Di dalam buku itu banyak sekali pantun dan peribahasa. Kayaknya peribahasa berasal dari sana kali ya
Ternyata kesewenang-wenangan keluarga pejabat sudah ada sejak dulu. Slogan hukum tajam ke bawah tumpul ke atas, ada benarnya juga. Tutup mata dari kebenaran demi keluarga itu nyata gaes
Satu lagi yang hampir terlupa, gangguan mental karena cinta, baik cinta dengan pujaan hati atau pun keluarga mampu membunuh seseorang sudah ada sejak dulu. Kerinduan dan tekanan membuat orang sakit tanpa bisa diobati. Itulah yang dialami ibu Halimah dan Bapak Midun. Mereka berdua pada akhirnya terjatuh tidak berdaya karena kehilangan yang tidak mampu diatasi. Jangan anggap remeh mental health ya...

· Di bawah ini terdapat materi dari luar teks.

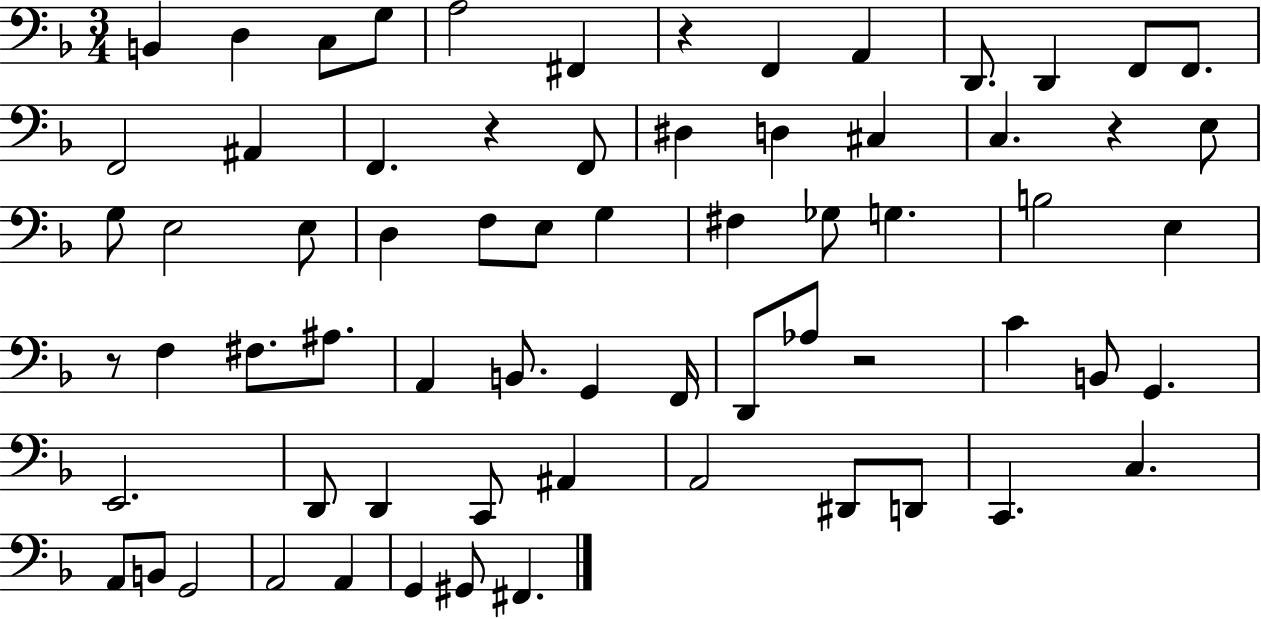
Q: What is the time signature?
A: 3/4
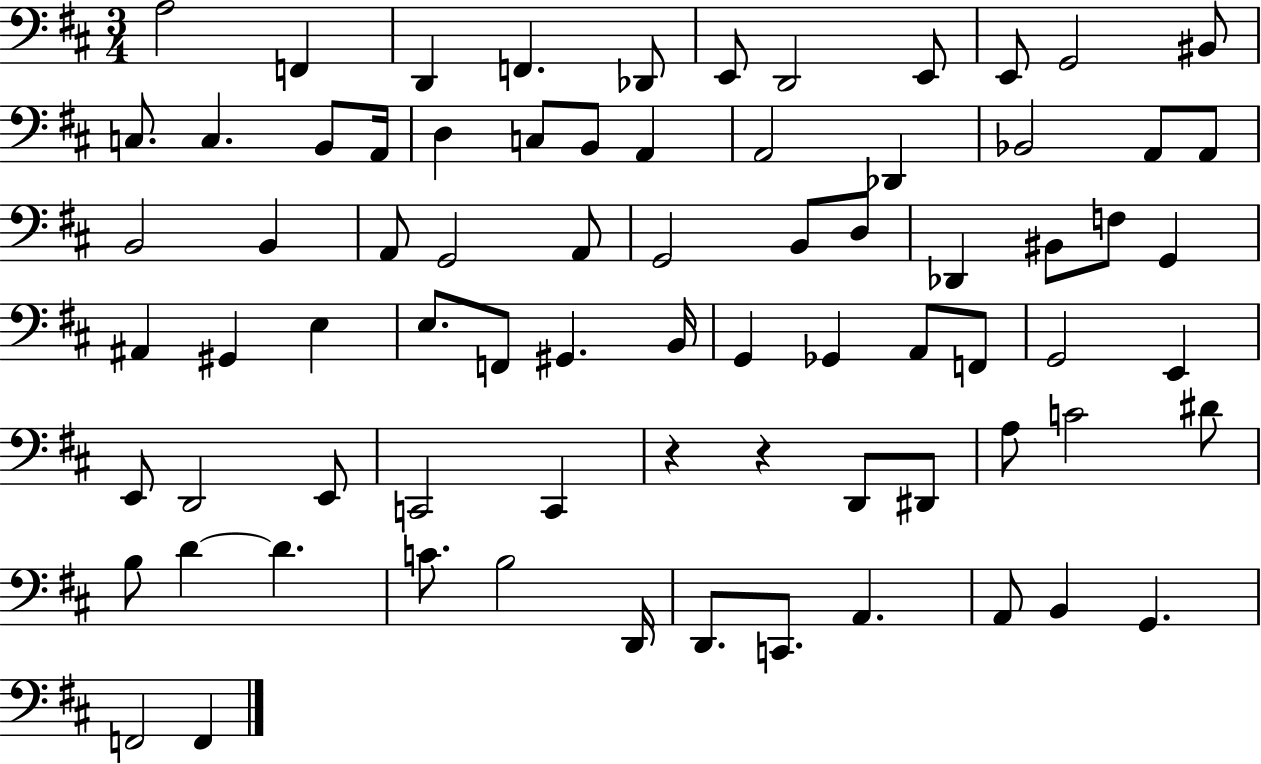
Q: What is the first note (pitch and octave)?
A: A3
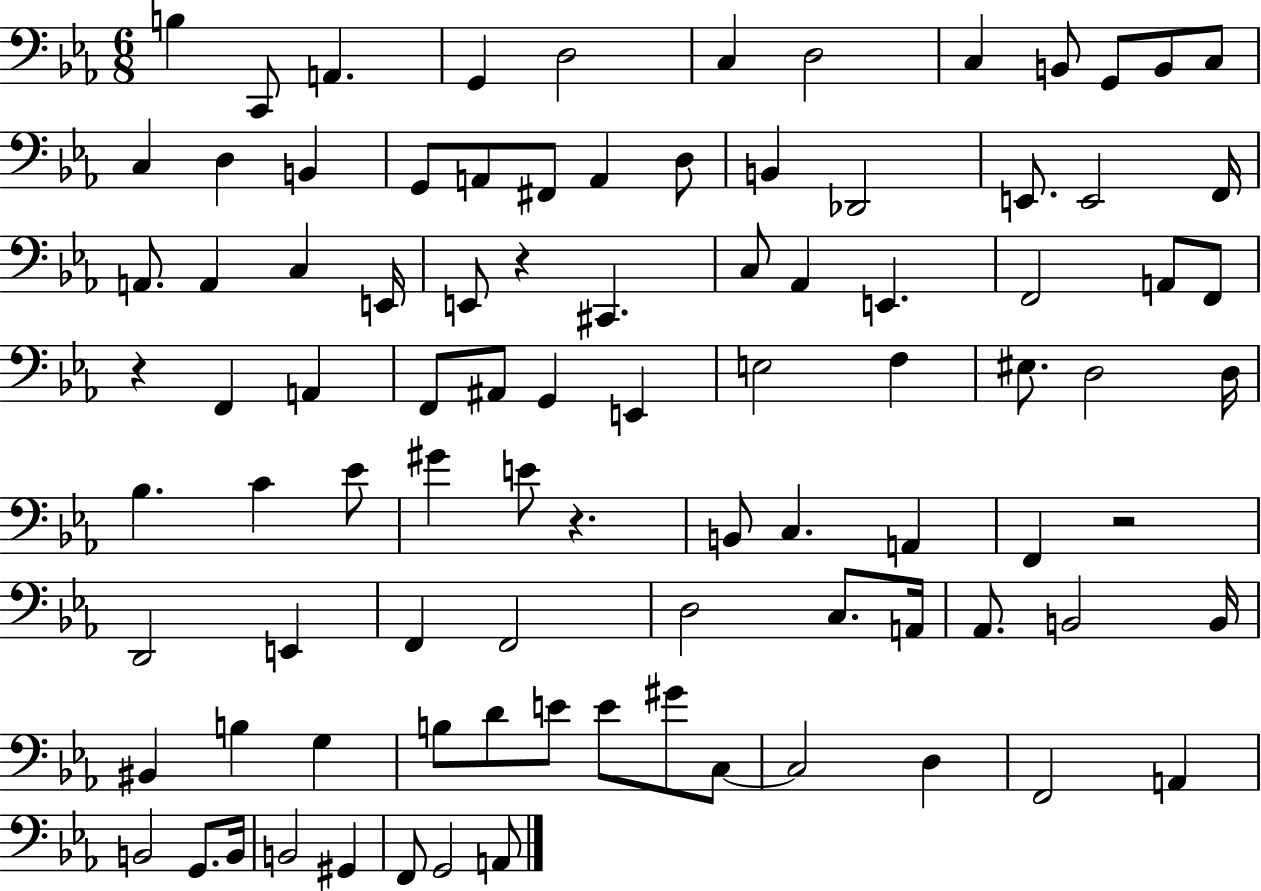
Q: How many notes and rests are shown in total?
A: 92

Meski sulit menemukan orang seperti Midun yang tulus dan tidak pernah berusaha menjatuhkan orang yang mencuranginya, tetap percaya bahwa ketulusan itu penting. Tidak perlu membalas kejahatan dengan kejahatan yang sama. Pembalasan itu bukan hak kita, tetapi hak Tuhan sang sumber kuasa. Biarkan DIA yang melakukannya untuk kita.Â
Pelajaran terakhir yang aku dapat dari buku ini, hargai perbedaan! Pertolongan tidak selalu datang dari saudara sedaerah, bisa jadi orang beda budaya dan adab yang akan membantumu. Midun dihancurkan Kacak yang dari kecil tumbuh bersamanya, tapi ditolong pak Karto, Sumarto (orang Jawa), Turigi (orang Bugis) orang jauh yang tidak dikenalnya dan orang Belanda yang tahu berterima kasih karena anaknya ditolong Midun.
Jangan menganggap rendah orang lain, karena mungkin dialah yang akan menjadi penolongmu!